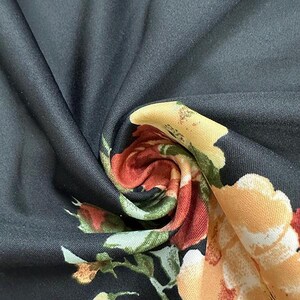 May include: Close-up of black fabric with a floral pattern. The design features large, colorful flowers in shades of red, orange, and yellow, contrasted against a dark background. The fabric is folded, showing the texture and detail of the print.
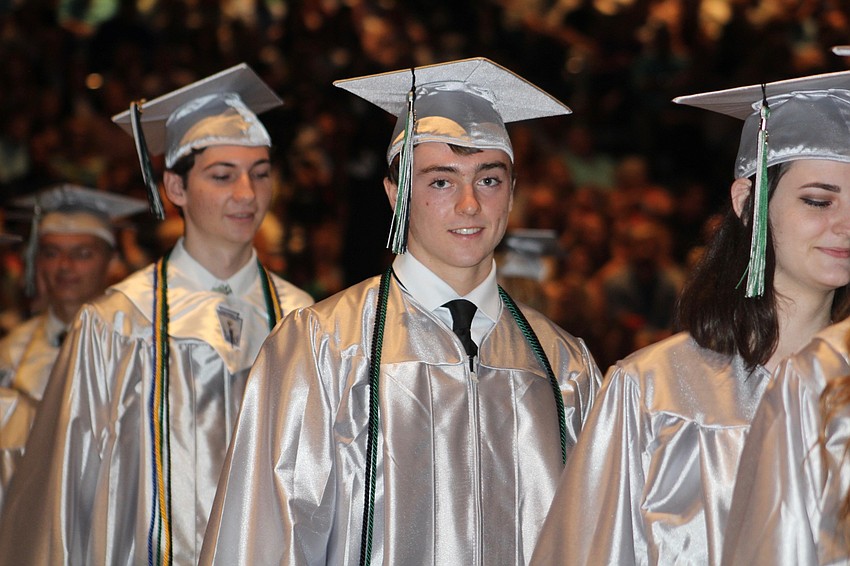 Lakewood Ranch High School graduate Ian Griffin takes his seat before the start of the graduation ceremony.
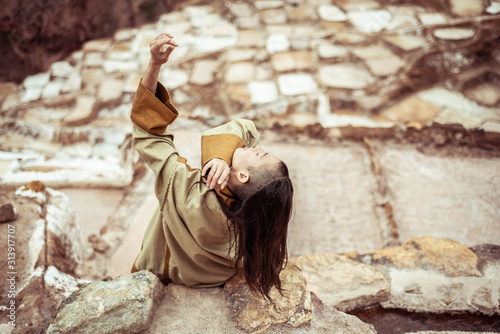 Androgynous mixed race dancer dances in salt farm on mountain side photo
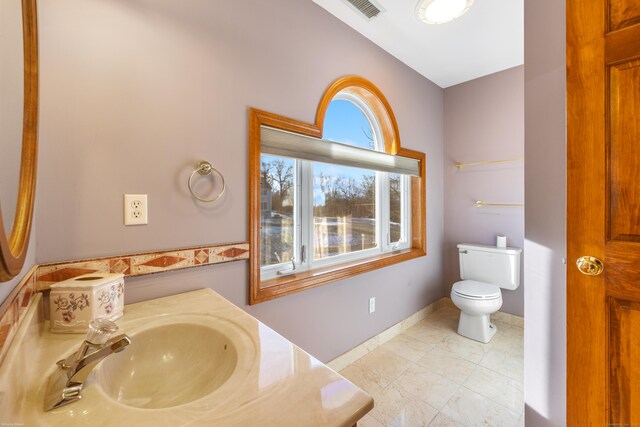 bathroom with toilet, vanity, visible vents, and baseboards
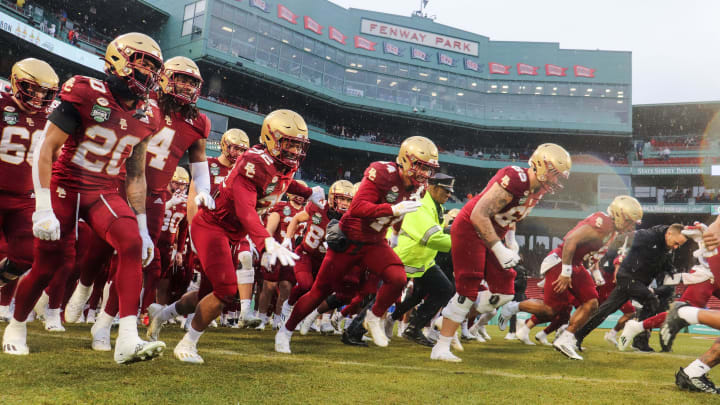 The Boston College football team took the field before the second annual Wasabi Fenway Bowl vs. SMU at Fenway Park on Thursday, Dec. 28, 2023. The Boston College football team took the field before the second annual Wasabi Fenway Bowl vs. SMU at Fenway Park on Thursday, Dec. 28, 2023.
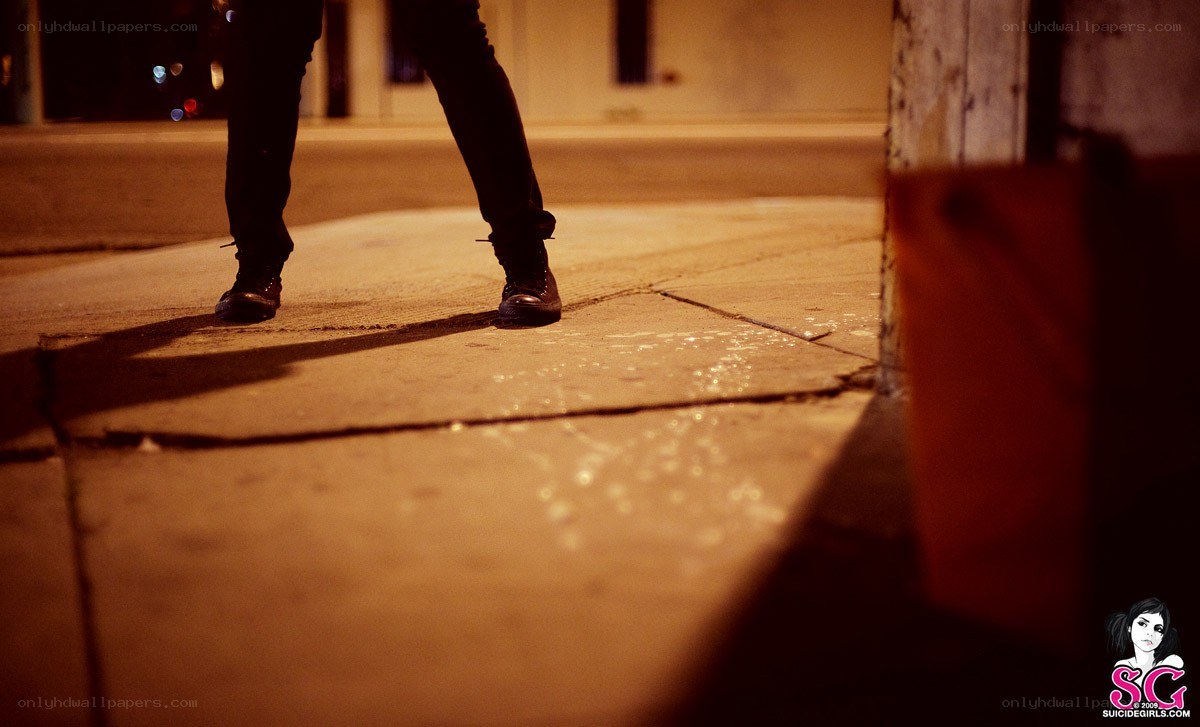 person standing on sidewalk at night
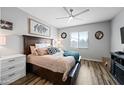 Comfortable bedroom with a ceiling fan, a queen-sized bed, nightstand, and an abundance of natural light at 37340 W Merced St, Maricopa, AZ 85138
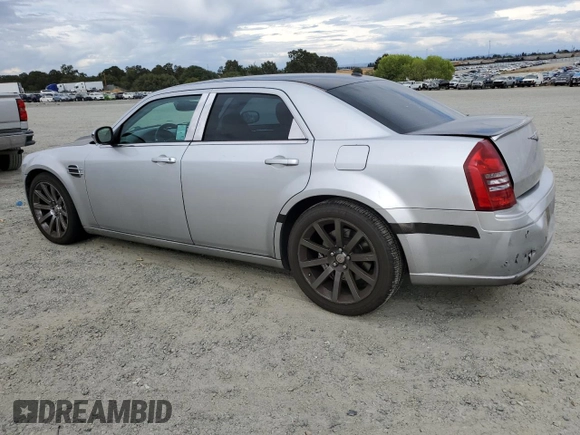2007 Chrysler 300 C SRT8 with VIN 2C3LA73W07H660214, listed as a Copart auction lot 70283834 with 249,130 mi miles and Salvage Title. Bid and sale history available at carsss.com. Image 2.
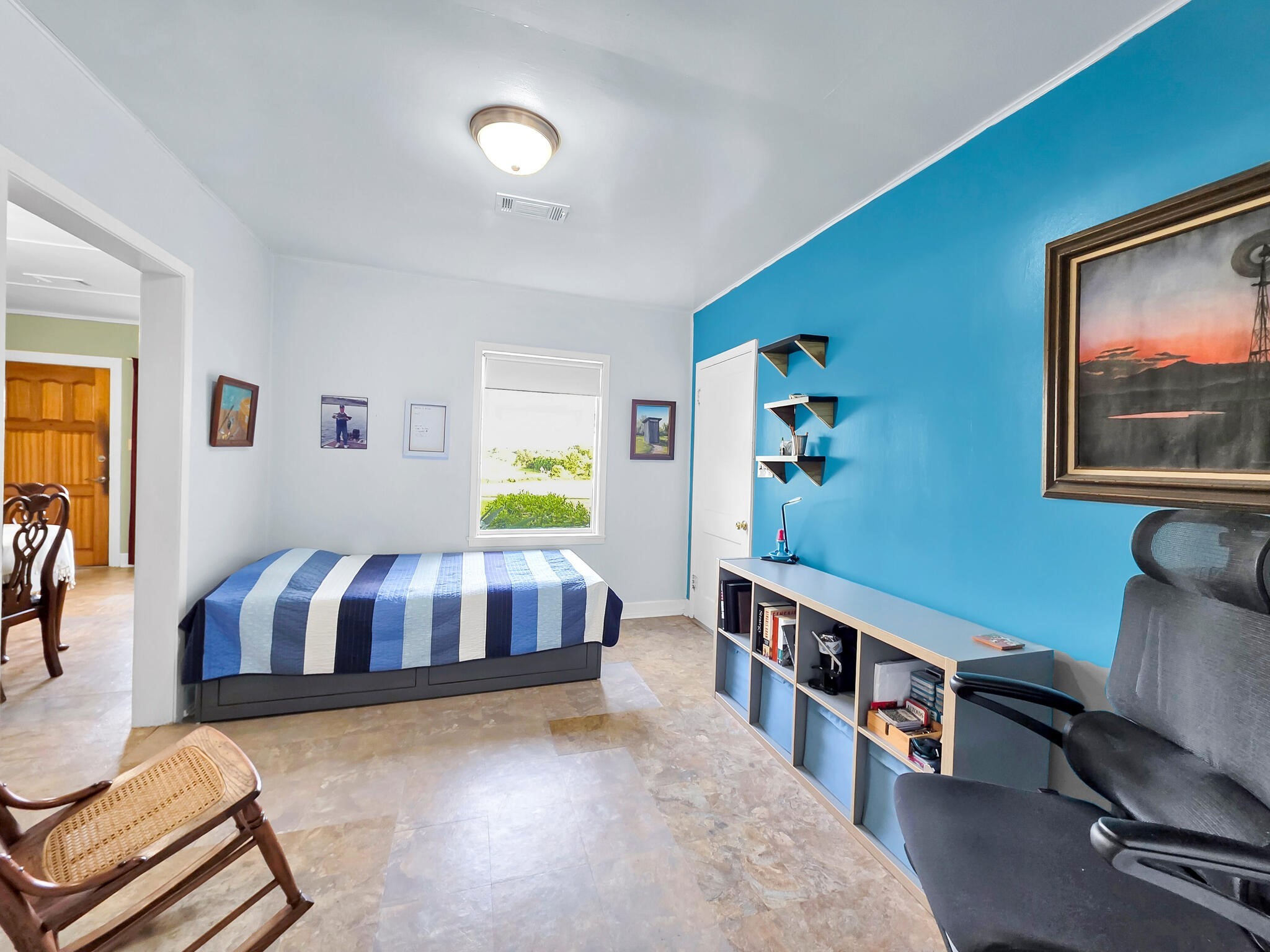 1212 High School Road Port Bolivar, TX 77650 - Photo 29 of 50 a living room with furniture and paintings on the wall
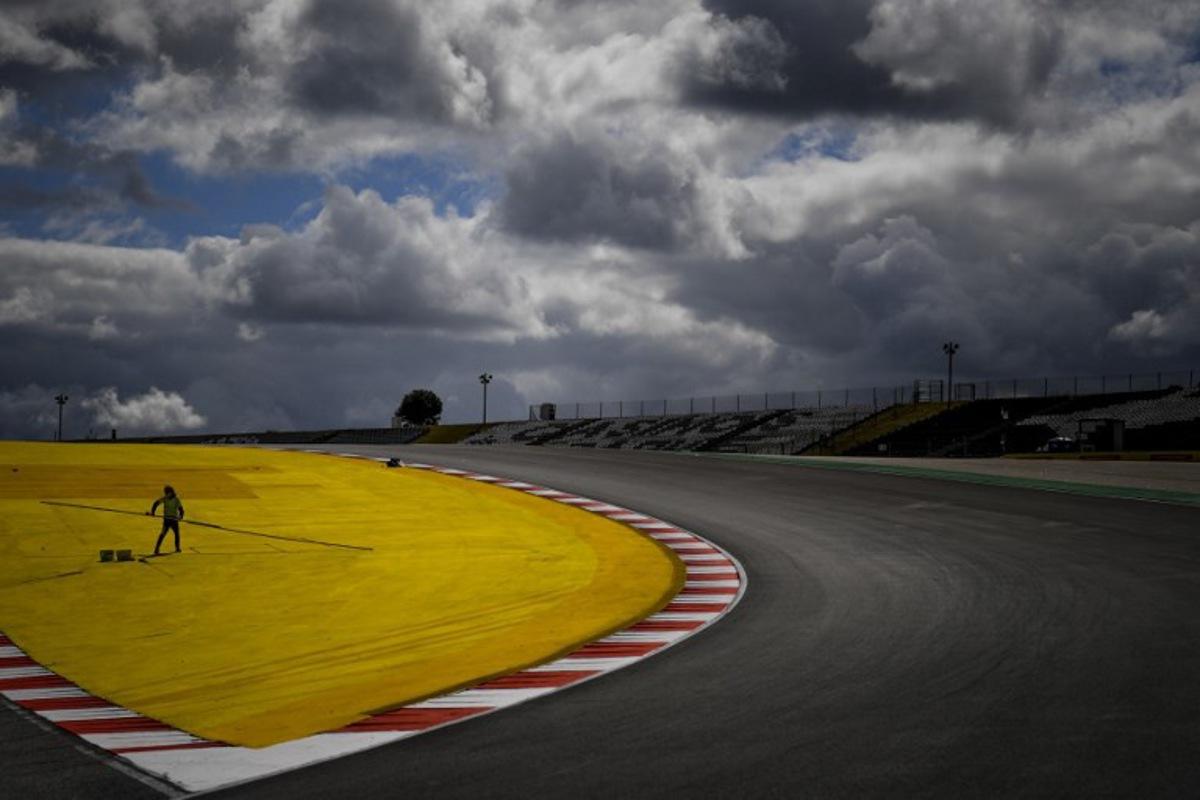 A worker paints the track at the Algarve International Circuit in Portimao on April 29, 2021 ahead of the Portuguese Formula One Grand Prix. PATRICIA DE MELO MOREIRA / AFP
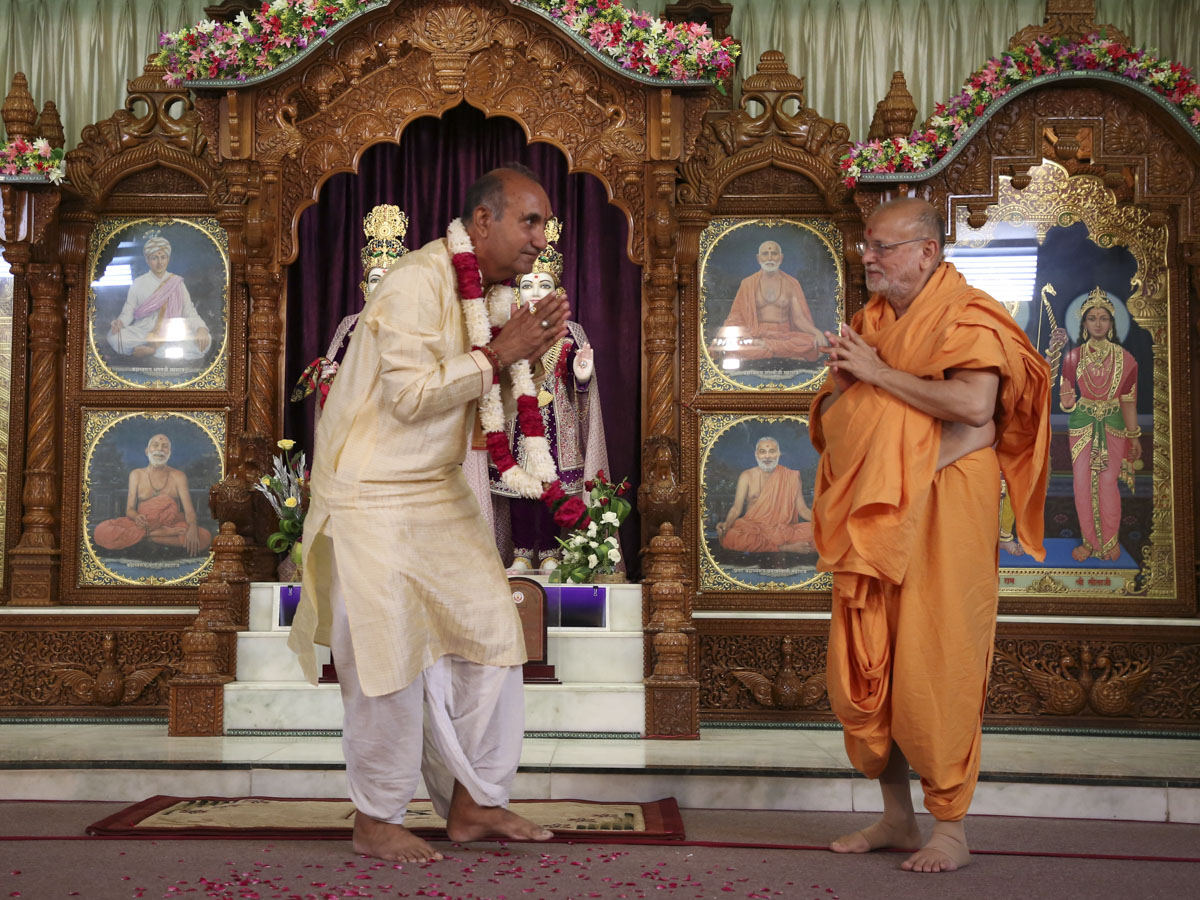 Pujya Ishwarcharan Swami honors Shri Ramkishore Tripathi, Honorary Professor, BAPS Swaminarayan Sanskrit Mahavidyalay, Sarangpur, with a garland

▬▬▬▬▬▬▬▬▬▬

**Aim of the exercise:**
The expected output is every entry, retyped exactly, with all pictures removed.

**Task answer:**
 May include: Close-up of black fabric with a floral pattern. The design features large, colorful flowers in shades of red, orange, and yellow, contrasted against a dark background. The fabric is folded, showing the texture and detail of the print.
 Lakewood Ranch High School graduate Ian Griffin takes his seat before the start of the graduation ceremony.
 Androgynous mixed race dancer dances in salt farm on mountain side photo
 bathroom with toilet, vanity, visible vents, and baseboards
 The Boston College football team took the field before the second annual Wasabi Fenway Bowl vs. SMU at Fenway Park on Thursday, Dec. 28, 2023. The Boston College football team took the field before the second annual Wasabi Fenway Bowl vs. SMU at Fenway Park on Thursday, Dec. 28, 2023.
 person standing on sidewalk at night
 Comfortable bedroom with a ceiling fan, a queen-sized bed, nightstand, and an abundance of natural light at 37340 W Merced St, Maricopa, AZ 85138
2007 Chrysler 300 C SRT8 with VIN 2C3LA73W07H660214, listed as a Copart auction lot 70283834 with 249,130 mi miles and Salvage Title. Bid and sale history available at carsss.com. Image 2.
 1212 High School Road Port Bolivar, TX 77650 - Photo 29 of 50 a living room with furniture and paintings on the wall
 A worker paints the track at the Algarve International Circuit in Portimao on April 29, 2021 ahead of the Portuguese Formula One Grand Prix. PATRICIA DE MELO MOREIRA / AFP
 Pujya Ishwarcharan Swami honors Shri Ramkishore Tripathi, Honorary Professor, BAPS Swaminarayan Sanskrit Mahavidyalay, Sarangpur, with a garland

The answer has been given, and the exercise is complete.